Embarrassed by the story, Jonathan felt the flush on his cheeks. He wanted to talk about something else…anything else. “Hey, we’re way late getting back to work,” he said.

“Stewart’s out back having a smoke,” David said. “It’s all good.”

“Nobody says that anymore.”

“And yet, it was just said, which totally negates your argument.”

David’s cell phone rang then. His ringtone, Johnny Cash singing “Hurt,” filled the café.

“Hello. Yeah, mom,” David said. “Who?…No way…Are you kidding? What happened?…How?…No, but Jonathan does. They go to school together…Are you sure?…Yeah, okay…OKAY! I’ll come right home after work, don’t freak out. You don’t have to pick me up…Knock it off. Jesus…Okay…Okay. I’ll see you at ten.”

David hung up the phone and set it on the table. He looked dazed. He kept blinking like he had something in his eyes, but the corners of his mouth were turned up slightly. It was almost a smile.

“What?” Jonathan asked.

“They just pulled Toby Skabich out of the lake,” David said quietly. “It looks like he drowned.”

First Mr. Weaver and now Toby, Jonathan thought.

Two of his high-school tormentors—two in a week—were dead. It was just too weird. And Jonathan felt surprisingly bad about it. Toby was a kid, and yeah, he was mean and rude and totally self-absorbed. But he was just a kid. He was familiar, a part of Jonathan’s life, albeit a full-on unfortunate part. Same with Mr. Weaver. He was also part of Jonathan’s life. A page in a book. A brick in a wall. An element mixed into the formula of Jonathan’s being. Now, there was emptiness, the page torn, the brick removed, the formula incomplete.

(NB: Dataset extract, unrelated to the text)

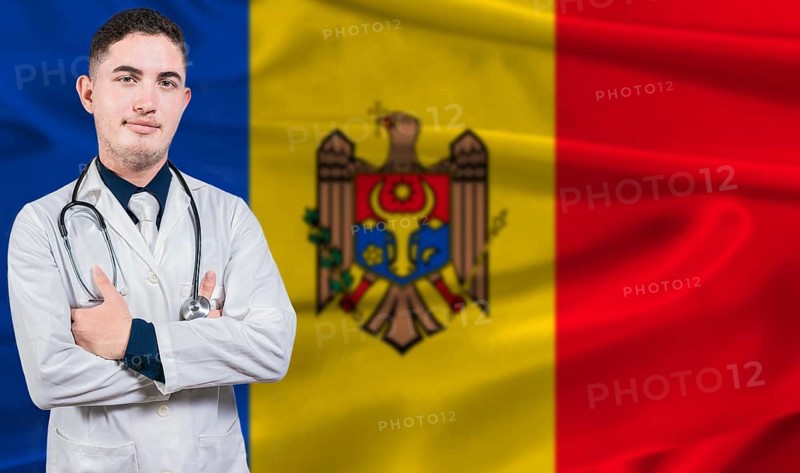 Portrait of medical professional on Moldova flag background. Moldovan national health system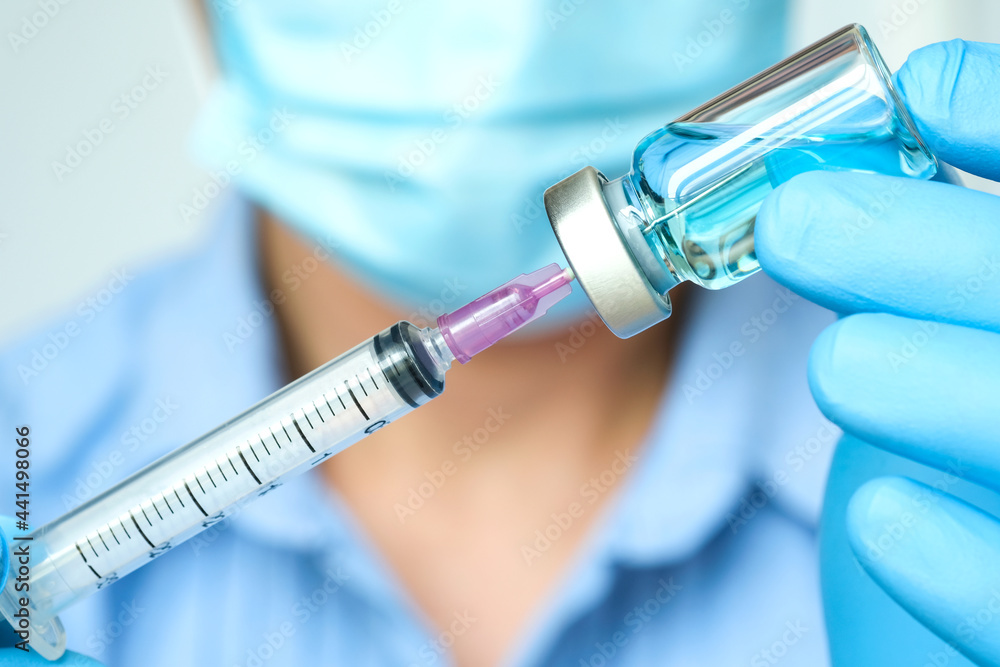 doctor's hand holds a syringe and a blue vaccine bottle at the hospital. Health and medical concepts. doctor's hand holds a syringe and a blue vaccine bottle at the hospital. Health and medical concepts.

Jonathan sat on the edge of his bed. His mom was on the phone in the television room, crying to her sister. His dad did something again. Jonathan didn’t know what it was. He’d stopped paying attention a long time ago.

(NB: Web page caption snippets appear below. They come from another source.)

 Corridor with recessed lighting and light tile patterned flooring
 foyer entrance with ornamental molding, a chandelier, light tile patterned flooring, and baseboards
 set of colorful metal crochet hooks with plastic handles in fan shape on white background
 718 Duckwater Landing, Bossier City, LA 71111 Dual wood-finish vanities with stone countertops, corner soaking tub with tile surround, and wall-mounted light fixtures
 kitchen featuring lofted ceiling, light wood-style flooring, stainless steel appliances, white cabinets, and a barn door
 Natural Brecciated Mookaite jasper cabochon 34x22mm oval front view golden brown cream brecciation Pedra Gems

He stood up from the bed and went to the closed curtains covering his window. He wouldn’t pull them back, didn’t want to see what nightmare might be waiting beyond the glass. He was nervous. He didn’t know what to do or feel.

You thought about killing them.

So what? Everybody thinks about that kind of junk.

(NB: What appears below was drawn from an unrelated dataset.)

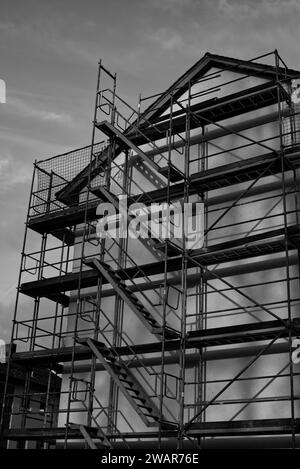 construction complète d'échafaudage à la façade d'une maison en noir et blanc Banque D'Images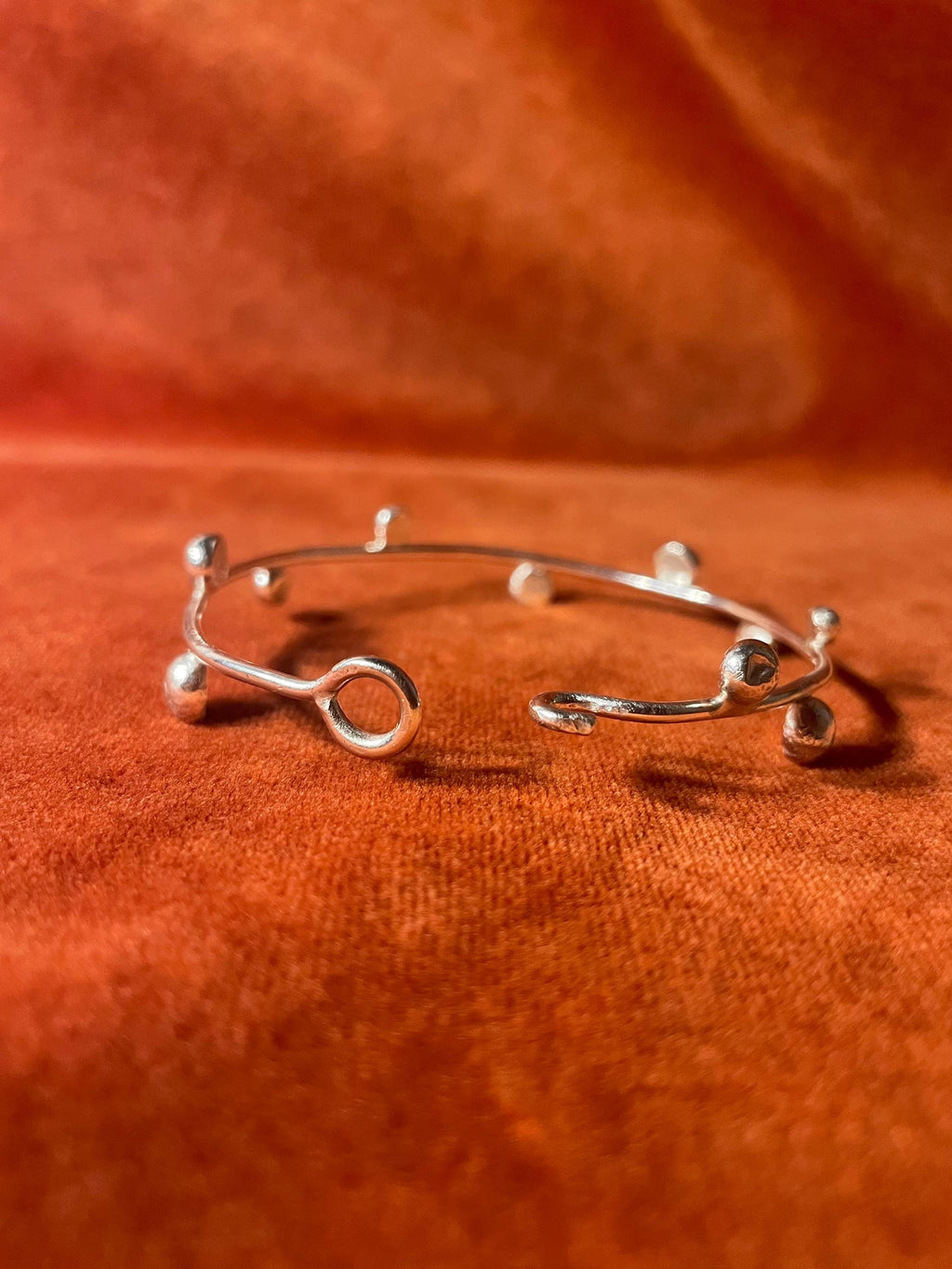 Silver bracelet showing the hook clasp opened. Bracelets features ten small orbs around the bangle. Staged on an orange velvet backdrop.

You won’t be insulted in class again. You’ll never get thrown into another locker. Your life just got a whole lot easier.

That doesn’t matter.

It’s all that matters.

Jonathan shook this disturbing voice from his head. It was late and he should have been trying to sleep, but after the dark phantom the night before and the news about Toby, he’d never get to sleep now. He wanted to take a walk, to get out of the house. His mother’s teary voice bled into his room. But outside wasn’t safe. Not these days.

Mr. Weaver was murdered and hung over a tree branch.

Toby was murdered…

You don’t know that. He could have killed himself, put his perfect life behind him.

…and dropped in a lake.

It could have been an accident.

But it wasn’t an accident, and Jonathan knew it. Tomorrow, maybe the next day, the news would report that Toby had been murdered and discarded in the lake. No accident. No suicide. He knew it.

And he was afraid. Who would be next?

From The Book of Adrian, Wed. Oct. 12:

Look at me. Look at me, the pretty ones shout. Like birds ruffling their colorful feathers to draw attention, those blessed with fine bone and skin parade about as if they controlled the genetic material randomly bestowed upon them. They deride those not so blessed. Express false pity. All the while absorbing adoration like a drug.